Records shown START

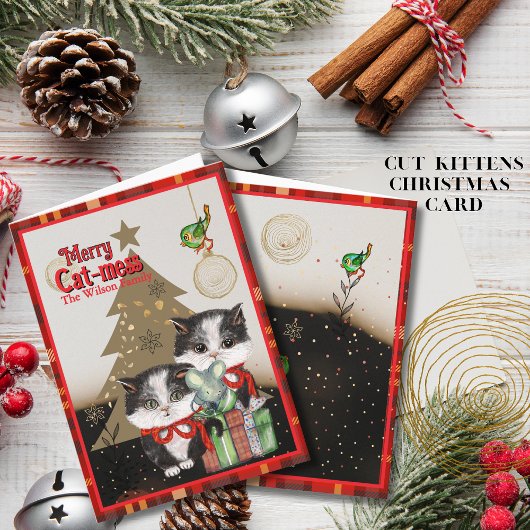 Kittens Merry Cat-mess Kaart | Rode Plaid Kerstmis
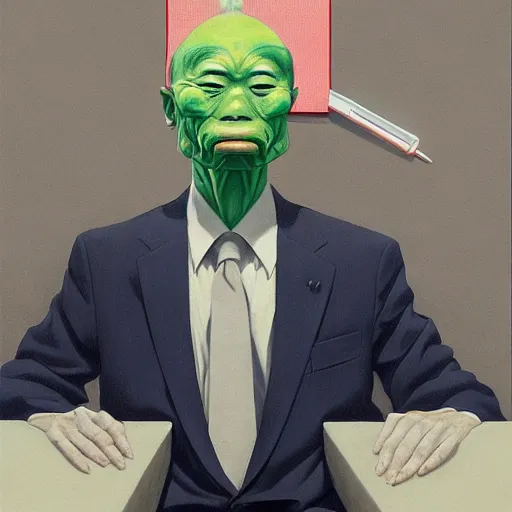 Image similar to Portrait of Japanese wearing a business suit , very coherent, painted by Edward Hopper, Wayne Barlowe, painted by James Gilleard, airbrush, art by JamesJean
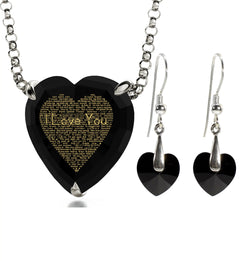 925 Silver Heart Jewelry Set, 120 Languages I Love You Necklace and Crystal Earrings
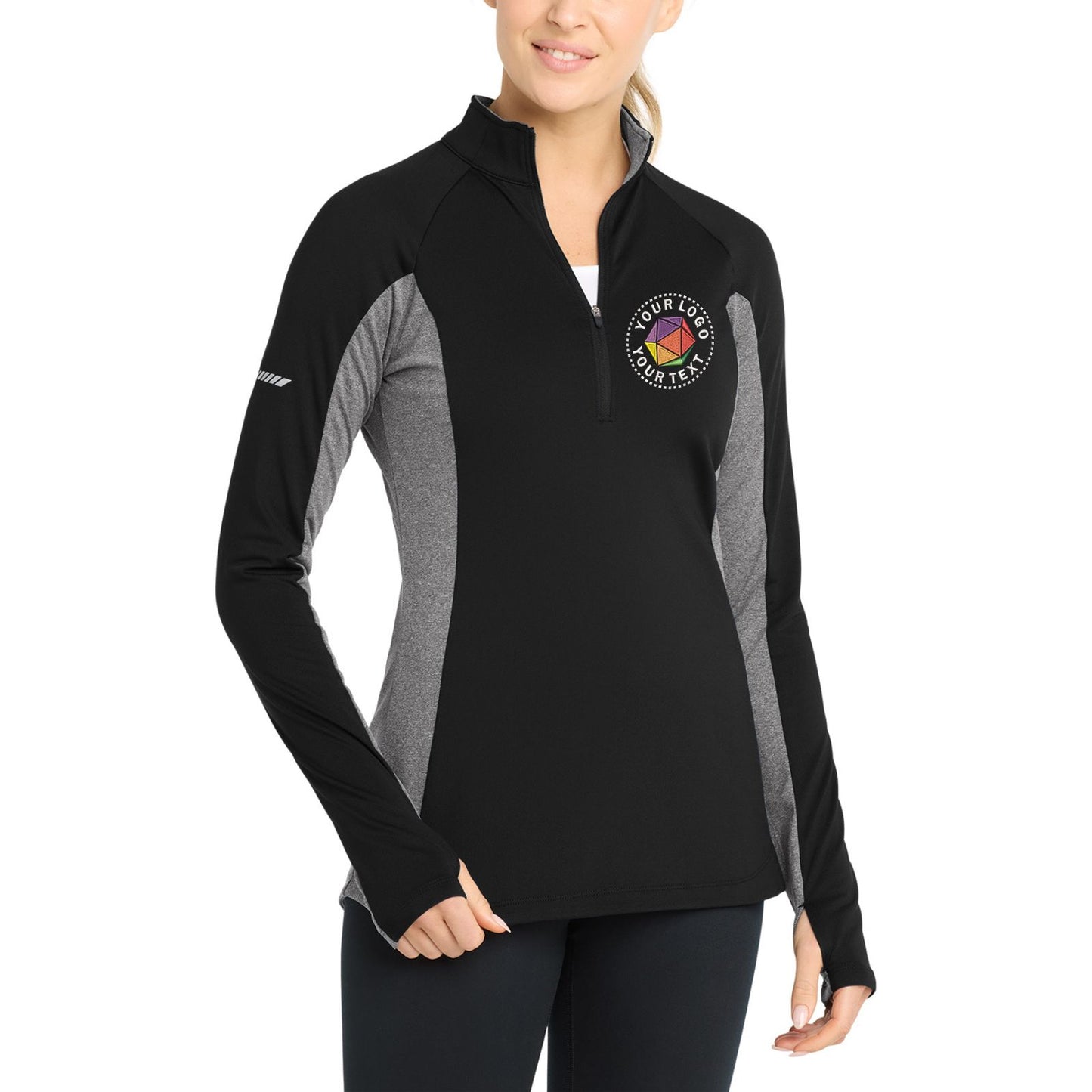 Sport-Tek® Women's Sport-Wick® Stretch Contrast Custom Embroidered 1/4-Zip Pullover - LST854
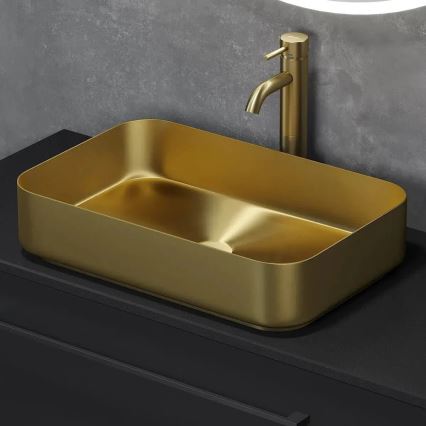 BATH DELUXE 06-052-18-70-00 - LJORDAL 52 x 34 cm countertop basin, stainless steel / brushed brass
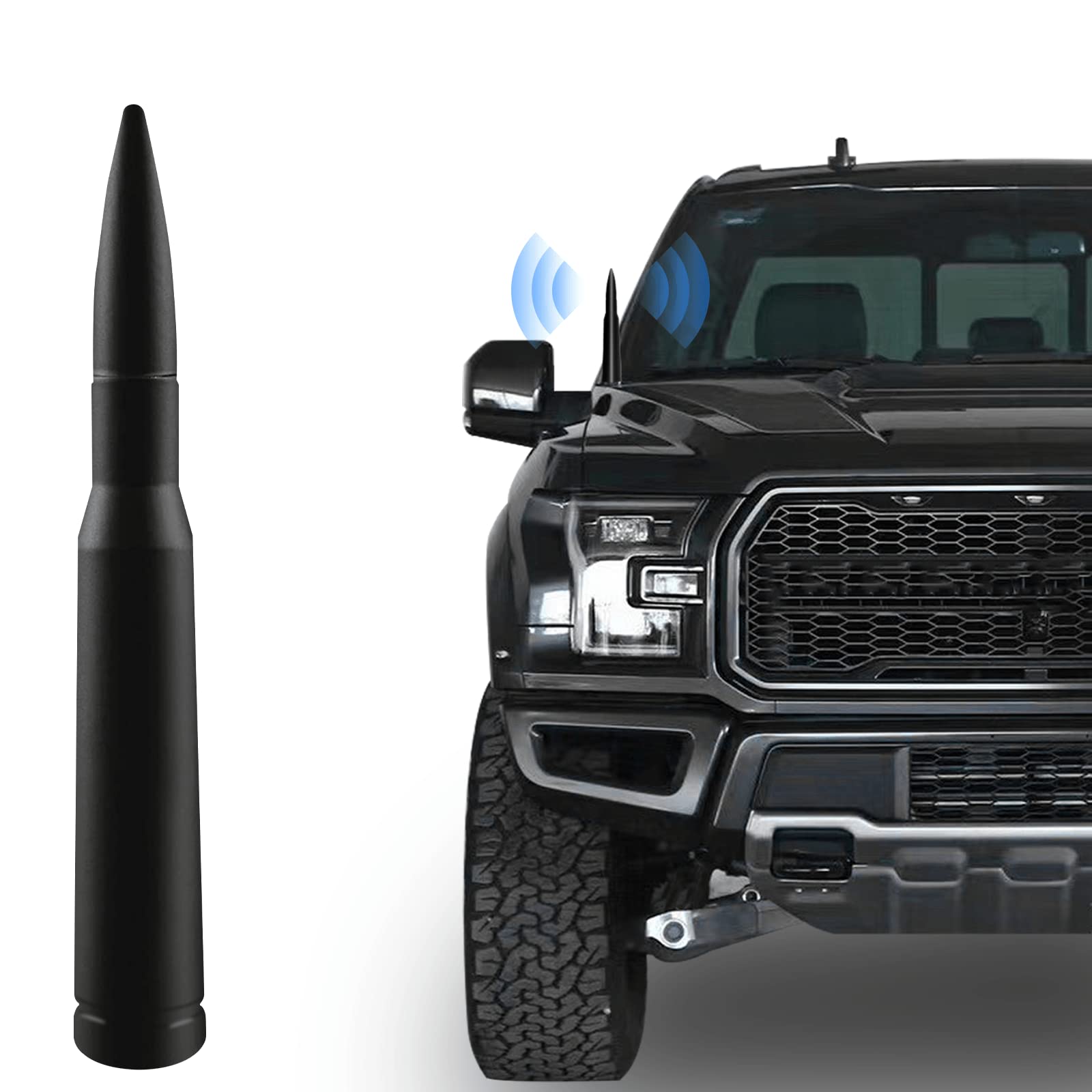 Photo 1 of Car Antenna Compatible with Ford F150 F250 F350 Super Duty Ford Mustang Raptor Truck for Enhanced Signal Stability and Waterproof Replacement Onboard Antenna (Matte Black)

Records shown END

- _Work task_
Reproduce every record above exactly, omitting the pictures.

- _Task output_
 Kittens Merry Cat-mess Kaart | Rode Plaid Kerstmis
 Image similar to Portrait of Japanese wearing a business suit , very coherent, painted by Edward Hopper, Wayne Barlowe, painted by James Gilleard, airbrush, art by JamesJean
 925 Silver Heart Jewelry Set, 120 Languages I Love You Necklace and Crystal Earrings
 Sport-Tek® Women's Sport-Wick® Stretch Contrast Custom Embroidered 1/4-Zip Pullover - LST854
 BATH DELUXE 06-052-18-70-00 - LJORDAL 52 x 34 cm countertop basin, stainless steel / brushed brass
 Photo 1 of Car Antenna Compatible with Ford F150 F250 F350 Super Duty Ford Mustang Raptor Truck for Enhanced Signal Stability and Waterproof Replacement Onboard Antenna (Matte Black)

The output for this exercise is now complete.